De nombreuses études ont analysé les causes de ces distorsions. Ainsi au collège une expérience a montré qu'il suffisait devant une figure de préciser qu'il s'agissait d'un exercice de géométrie pour que les garçons soient meilleurs. À l'autre groupe témoin, à qui l'on a dit qu'il s'agissait d'un jeu de dessin, les filles ont eu de bien meilleurs résultats. «Pour un exercice très complexe en maths, de niveau ingénieur, il a suffi d'annoncer qu'il s'agissait d'un exercice très difficile pour que les garçons aient de meilleurs résultats. Au groupe à qui l'on a expliqué que jamais les filles n'avaient eu des résultats différents de ceux des garçons, alors filles et garçons ont obtenu les mêmes résultats», raconte la jeune femme. Autant de problèmes liés aux représentations culturelles, aux schémas introduits dès l'enfance selon lesquels les sciences sont une affaire d'homme. « Cela traduit également un manque de confiance en soi », souligne la lauréate américaine Laurie Glimcher, l'une des lauréates 2014 du prix L'Oréal-Unesco et première femme à occuper le poste de doyenne d’une faculté de médecine à de New York.
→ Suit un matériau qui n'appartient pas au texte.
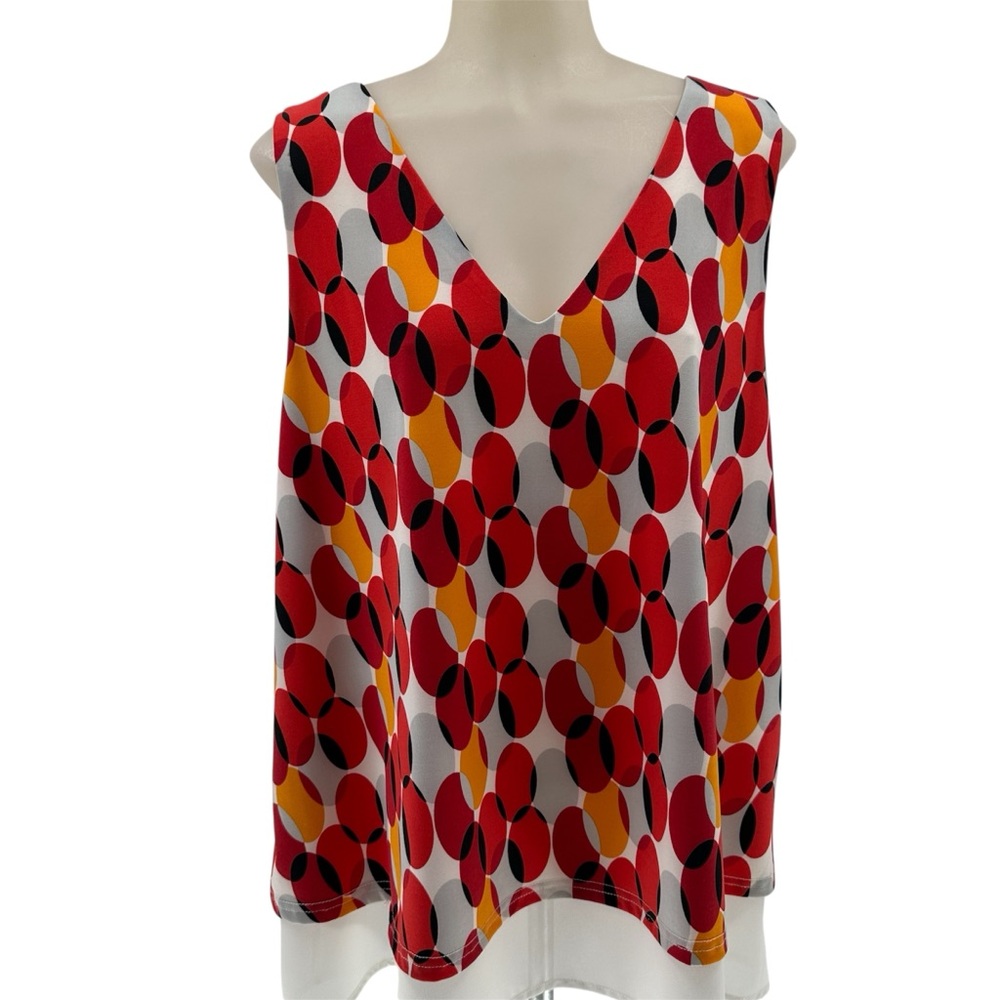 Ember Sz XL Red/Orange sleeveless sheer lined back tie V-Neck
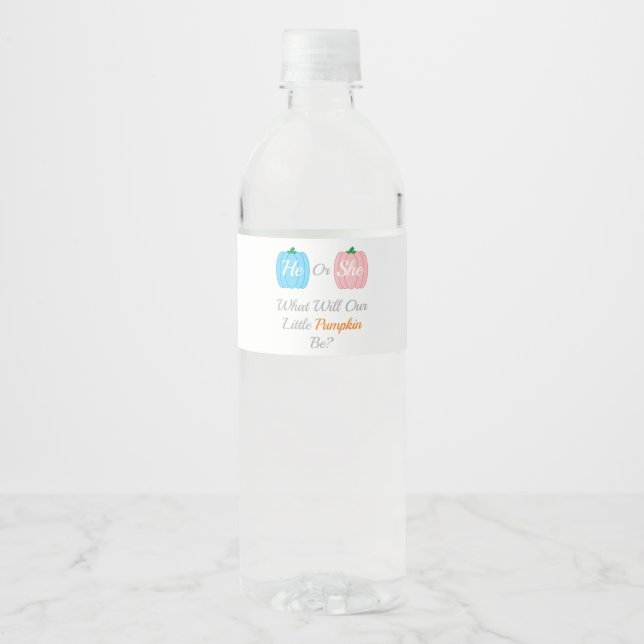 Pumpkin Fall Gender Reveal Water Bottle Label (Front)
Le grand écart sur le nombre de prix Nobel

Toutes les lauréates du prix L'Oréal-Unesco en conviennent. Les difficultés ne s'arrêtent pas à l'école. Comment en effet concilier un début de carrière qui exige énormément de travail, de publier ces travaux, de voyager… Et la volonté au même âge de fonder une famille et d'avoir des enfants. « Je dis à mes jeunes consœurs d'habiter près de leur famille», poursuit l'Américaine, qui a eu trois enfants et des parents toujours à proximité, en plus des nounous. «Les hommes ont les mêmes responsabilités familiales que nous, mais pas la même culpabilité », ajoute-t-elle. C'est peut-être le contre-exemple de sa mère, « contrainte d'abandonner sa carrière parce qu'elle a eu six enfants », qui a conduit Cecilia Bouzat, lauréate argentine, à ne rien sacrifier : travail et famille avec le soutien de son mari. « Où sont les modèles pour les jeunes chercheuses? » demande de son côté Segenet Kelemu, lauréate pour l'Afrique et directrice du Centre international de physiologie et d'écologie des insectes au Kenya.

Le summum de l'écart entre homme et femme intervient avec les Nobel en sciences : 5 sur 132 depuis quinze ans. Mais compte tenu de tout ce qui se passe avant d'en arriver là, les nobélisables sont peu nombreuses. Une étude récente publiée montre en outre que pour un même curriculum présenté pour un poste de directeur de laboratoire, le supposé candidat «John» recevait systématiquement un meilleur accueil que lorsque le CV était attribué à une «Jennifer». Même quand la sélection est faite par une femme! Le chemin pour changer les choses est encore long.